At a time when anti-terror rhetoric was reaching fever levels, and the U.S. was passing highly controversial laws that put the U.S. in a kind of secure, lockdown mode, with warrantless wiretapping, systematic searches, surveillance programs and clandestine torture sites becoming the norm, the MEK was in good standing with the U.S., as terrorist groups go. Although some in the Department of State wanted them shipped back to Iran, and recognized that many of their members were responsible for war crimes, officials in the Department of Defense sheltered them and began using them as a tool against Iran.
The MEK also wanted to win over the hearts and minds of everyday Americans, who likely had not heard of the small, nascent group but may have been concerned about peace and democracy, which the MEK now claimed were their guiding principles.
The group spent hundreds of thousands of dollars from 2005-2012 taking out ads in major newspapers, including The New York Times and the Washington Post.
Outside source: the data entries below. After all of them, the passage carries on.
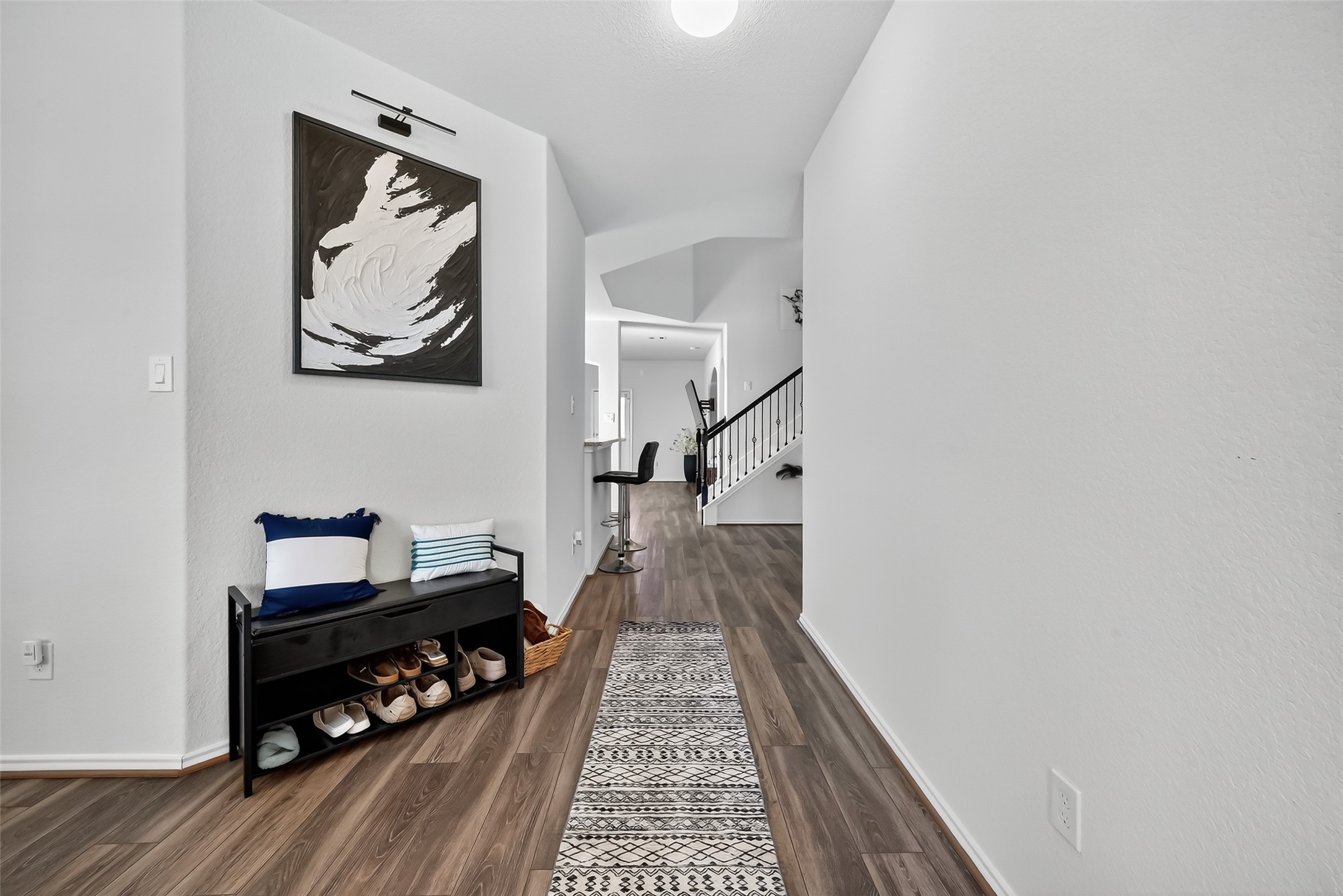 1601 Darwin Cedar Drive Rosharon, TX 77583 - Photo 10 of 44 a hallway with wooden floor and shoes
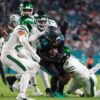 Politics: ex jets qb stabbed in pub fight, suspect says he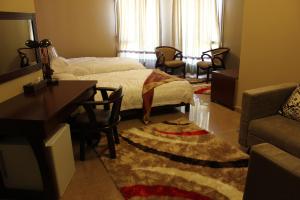 Postel nebo postele na pokoji v ubytování Kanaan Group Hotel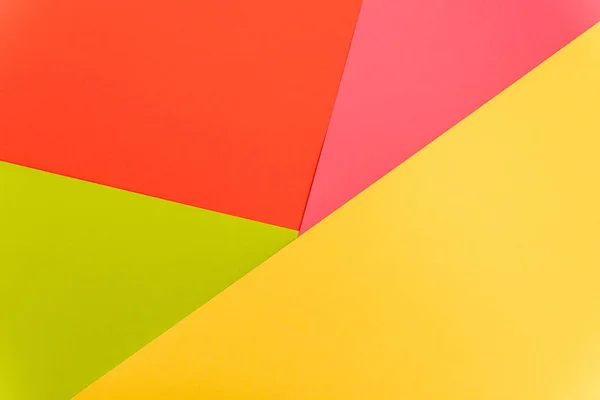 Вид зверху барвистий абстрактний жовтий, червоний, зелений і рожевий паперовий фон — стокове фото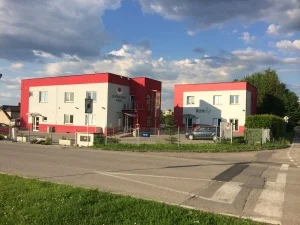 Moderní červené bytové domy na pozadí modré oblohy.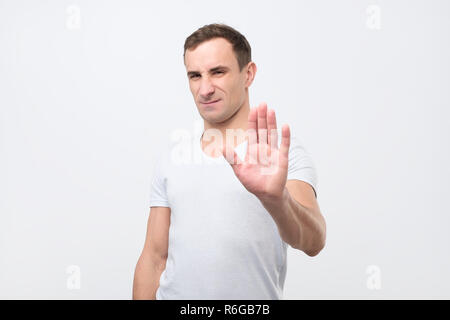 Young italian man shows stop timeout or refusal sign with hand Stock Photo
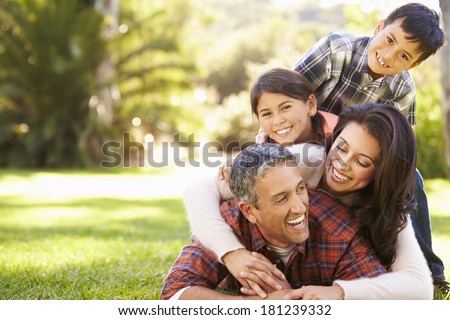 Family Lying On Grass In Countryside Royalty-Free Stock Photo #181239332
Their ads were designed to look more like petitions or news stories, and they blended into everyday reading.
“35,000 Iranians Rally in Brussels,” one advertisement headline read, seeking to show that the group had popular support. “250 Parliamentarians, 50 Jurists Condemn . . . Conspiracies against Iranian Mojahedin in Iraq, Call for Removal of Terror Tag from PMOI,” read another.
One full-page ad in The New York Times called for the group to be returned to Camp Ashraf after many had been forcibly transferred to the less-secure Camp Liberty.
To be sure, the group was under attack by Iraqi forces during the mid-2000s; tens of them died and hundreds were wounded in a series of strikes against Camp Ashraf and Camp Liberty.
The MEK paid for a vast array of U.S. bipartisan support. Among its public allies, even when it was a terror group, was R. James Woolsey and Porter J. Goss, both former CIA heads, former president George W. Bush’s homeland security chief Tom Ridge, Obama’s first national security advisor, James Jones, former New York mayor Rudolph Giuliani, popular Vermont Democrat Howard Dean. Its other allies included Democrat Congressman John Lewis, former FBI Director Louis Freeh, former Representative Patrick Kennedy and retired General Wesley Clark among others.
The ad campaigns and tireless lobbying efforts worked.
In Sept 2012, then Secretary of State Hillary Clinton announced the group was coming off the terror list. A Republican Congressman Dana Rohrabacher praised the decision, saying “The lives of hundreds of the M.E.K. misplaced persons could well be saved as result.” He also insisted that the group seeks “a secular, peaceful, and democratic government,” in Iran.
The MEK had convinced enough powerful people that they were a genuinely potent opposition force that could offset the power of the Ayatollah’s regime in Iran.
The de-listing also open the way for them to expand their lobbying efforts in the U.S., which they have done. Rudy Giuliani regularly attends their annual gatherings, getting paid tens of thousands of dollars to do so, as does current National Security Advisor John Bolton, who was reportedly paid at least $180,000 by the group in 2017. Other politicians donated to include Barack Obama and John McCain.
With U.S. help, the MEK were lifted out of Iraq and into a new base in Tirana, Albania where they reside now.
Now that the average age of the MEK’s members is around 55 or 60, “it is fair to say the members have nowhere to go but to stay,” and watch the organization slowly fade away, Khodabandeh said.
“The only alternative for them is suicide. Especially the ones who have joined following an idea.”